We could also compare the four samples on positive and negative emotions separately.
df_sentiment %>% ggplot(aes(y = positive, x = sample))+ geom_boxplot()+ labs(title = "Positive emotion by sample")+ theme(plot.title = element_text(hjust = 0.5))
For the negative emotion, I have taken the absolute value with abs() function so that that it plots in the same direction as positive emotion.
df_sentiment %>% ggplot(aes(y = abs(negative), x = sample))+ geom_boxplot()+ labs(title = "Negative emotion by sample")+ ylab("negative")+ theme(plot.title = element_text(hjust = 0.5))

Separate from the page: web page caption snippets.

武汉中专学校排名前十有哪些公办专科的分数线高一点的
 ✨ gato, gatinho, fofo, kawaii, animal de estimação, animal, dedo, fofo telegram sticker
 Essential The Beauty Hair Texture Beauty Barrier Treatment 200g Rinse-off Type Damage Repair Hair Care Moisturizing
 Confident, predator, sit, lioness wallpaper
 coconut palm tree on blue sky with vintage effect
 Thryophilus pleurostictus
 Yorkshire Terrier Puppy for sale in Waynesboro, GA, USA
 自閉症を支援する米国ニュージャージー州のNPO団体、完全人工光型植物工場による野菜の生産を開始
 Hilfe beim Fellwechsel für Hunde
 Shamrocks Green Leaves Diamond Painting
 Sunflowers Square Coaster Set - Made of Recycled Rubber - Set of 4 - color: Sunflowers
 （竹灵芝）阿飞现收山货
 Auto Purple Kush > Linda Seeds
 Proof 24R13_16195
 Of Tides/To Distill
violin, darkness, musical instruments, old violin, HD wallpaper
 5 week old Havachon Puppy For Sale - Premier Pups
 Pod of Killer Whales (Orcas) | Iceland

Scatterplot of positive and negative sentiment by dream
We can plot the two sentiment vectors against one another, to see if any pattern emerges between the two sentiment scores. The alpha value (transparency) is set to .7, as many of the points overlap and increasing the transparency can aid the readability of the graph. We also add a bit of jitter to avoid overplotting.
df_sentiment %>% ggplot(aes(abs(negative), positive, colour = sample))+ scale_color_manual(values = c("red", "skyblue", "orange", "darkgreen"))+ xlab("Negative sentiment")+ ylab("Positive sentiment")+ geom_jitter(alpha = .5)
There is no clear relationship between the positive and negative emotion. Clustering close to either axis would have implied that many dreams contain high amounts of positive or negative emotion, but not both. Whereas we see quite a spread across the graph, which shows that dreams can vary across positive and negative emotions. However, uni-direction emotional dreams do occur as well. If we look up the y axis we can see a number of blue and green dots from y = 10 to = y 22 where the value for x is probably 0 (after taking account of the error introduced in the jitter). These are dreams with only positive sentiment. The same uniformity can be seen in some of the dreams represented by green dots on the x axis from x = 12 to x = 23.
We have not controlled for word count in our analysis of sentiment. It is possible longer dreams are more likely to have sentiment words in them. We could pull in the word count data from one of the previous dataframes to check this. Here we unnest the tokens from the original dataframe (df), but we don’t remove the stopwords. We then group_by the dream_number and calculate a count variable of the number of words in each dream.
df_freq <- df %>% unnest_tokens(word, dream) %>% group_by(dream_number)%>% summarise(count = n())
We can paste this new variable back in to our df_sentiment database with a left_join.
df_sentiment <- df_sentiment %>% left_join(df_freq, by = "dream_number")
We can run a quick correlation on sentiment and count to see if there is a relationship.
with(df_sentiment, cor.test(sentiment, count))
## ## Pearson's product-moment correlation ## ## data: sentiment and count ## t = 9.287, df = 398, p-value < 2.2e-16 ## alternative hypothesis: true correlation is not equal to 0 ## 95 percent confidence interval: ## 0.3379632 0.4994153 ## sample estimates: ## cor ## 0.4220297
There is a positive correlation, so it would be sensible to convert out sentiment metric to a sentiment per word scale. We can call this “sent_prop” - short for ‘sentiment proportion’. We will also multiply by 100 to express sent_prop as a percentage of words used in each dream.
df_sentiment <- df_sentiment %>% mutate(sent_prop = (sentiment/count)*100)
Let’s see if this makes any difference to the distribution of sentiment across the 4 samples of dreams.
df_sentiment %>% ggplot(aes(x = sample, y = sent_prop))+ geom_boxplot()+ ylab("Percentage of sentiment words per dream")
This has reduced some of the differences between the samples. We could check if the earlier difference in sentiment words between the samples was due to variations in word count by running a boxplot on our count variable.
df_sentiment %>% ggplot(aes(x = sample, y = count))+ geom_boxplot()+ ylab("Number of words per dream")
This does appear to be the case. This shows how important controlling for word count could be in comparing texts. However, the sentiment per word needs to be treated with some caution. For instance, we still might want to know why some people express both more words and more emotion, rather than less words and less emotion. Looking at the last boxplot for instance, could make you wonder, why do the college women appear to use less words to describe their dreams that the hall females? However, investigating questions such as these is beyond the scope of this post.